— WHAT NEEDS TO BE DONE —
In the records that follow, find the line containing "Snapshot of mona_cloud" and the line containing "Portofelul pufos&nbsp;Nebulous Stars", then transcribe both and every line between them exactly, omitting pictures.

— MATERIALS PROVIDED —
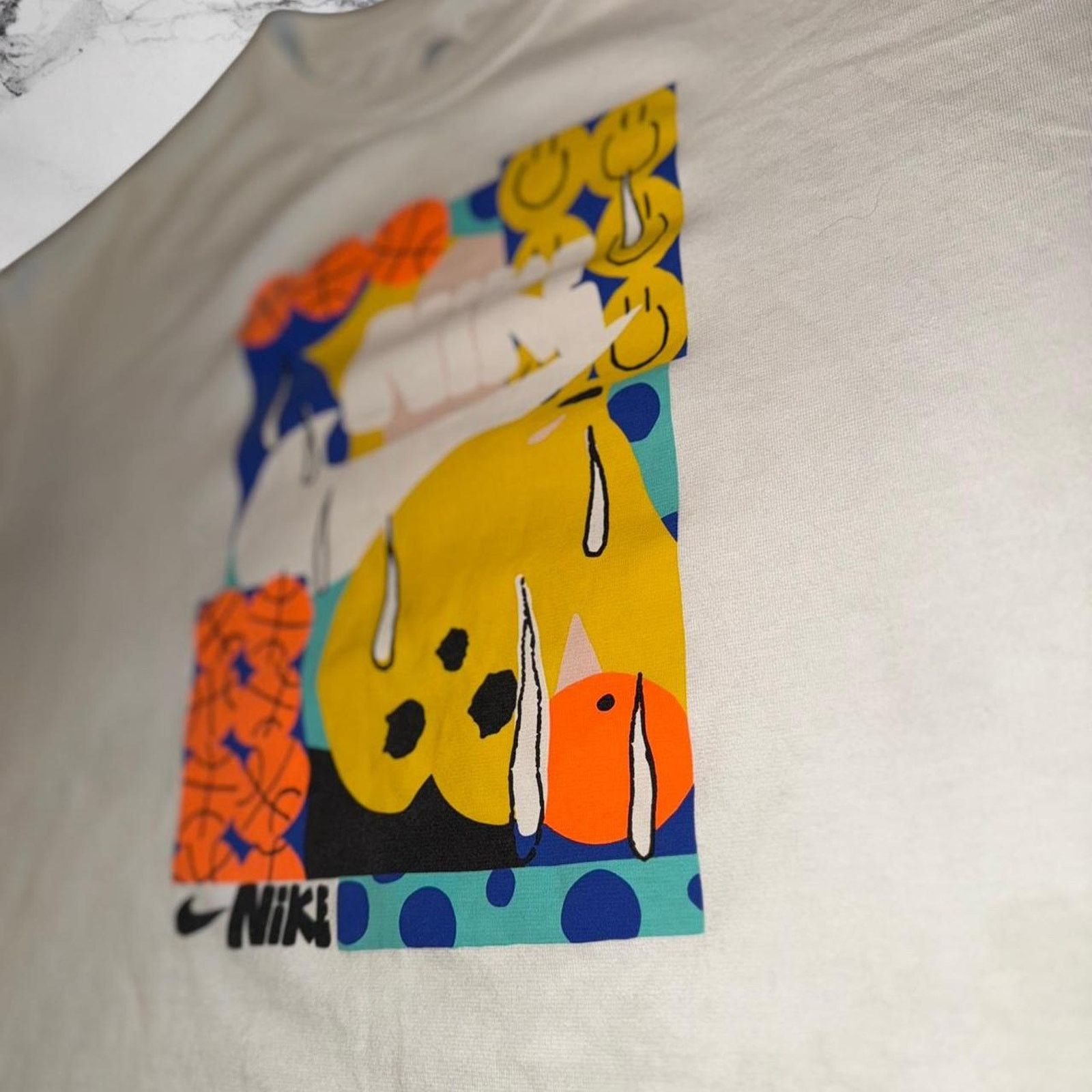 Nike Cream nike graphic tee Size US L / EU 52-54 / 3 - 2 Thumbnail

...

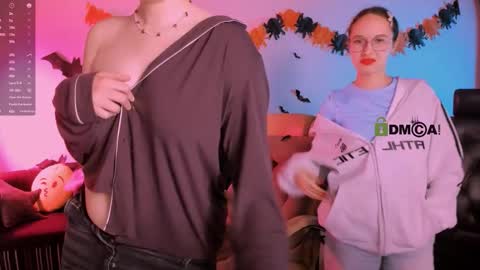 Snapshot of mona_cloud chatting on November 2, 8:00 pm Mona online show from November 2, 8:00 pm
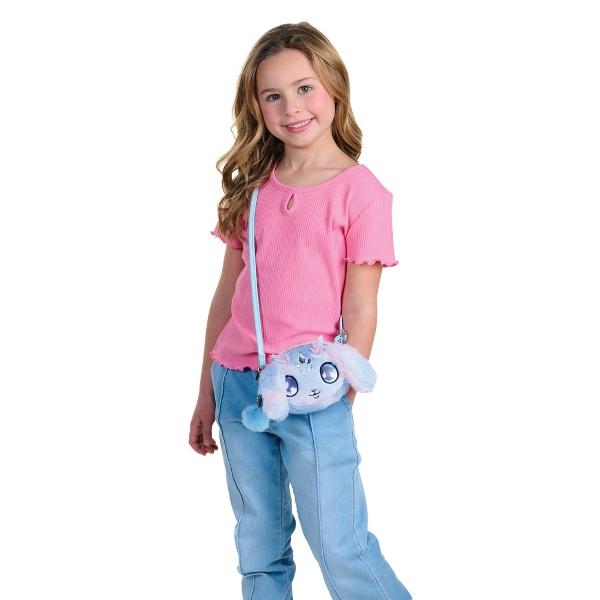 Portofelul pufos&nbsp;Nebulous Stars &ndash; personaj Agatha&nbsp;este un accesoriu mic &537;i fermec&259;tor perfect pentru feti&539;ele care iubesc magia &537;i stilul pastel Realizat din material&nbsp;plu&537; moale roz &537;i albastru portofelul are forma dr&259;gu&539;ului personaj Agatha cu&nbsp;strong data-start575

— RESPONSE —
 Snapshot of mona_cloud chatting on November 2, 8:00 pm Mona online show from November 2, 8:00 pm
 Portofelul pufos&nbsp;Nebulous Stars &ndash; personaj Agatha&nbsp;este un accesoriu mic &537;i fermec&259;tor perfect pentru feti&539;ele care iubesc magia &537;i stilul pastel Realizat din material&nbsp;plu&537; moale roz &537;i albastru portofelul are forma dr&259;gu&539;ului personaj Agatha cu&nbsp;strong data-start575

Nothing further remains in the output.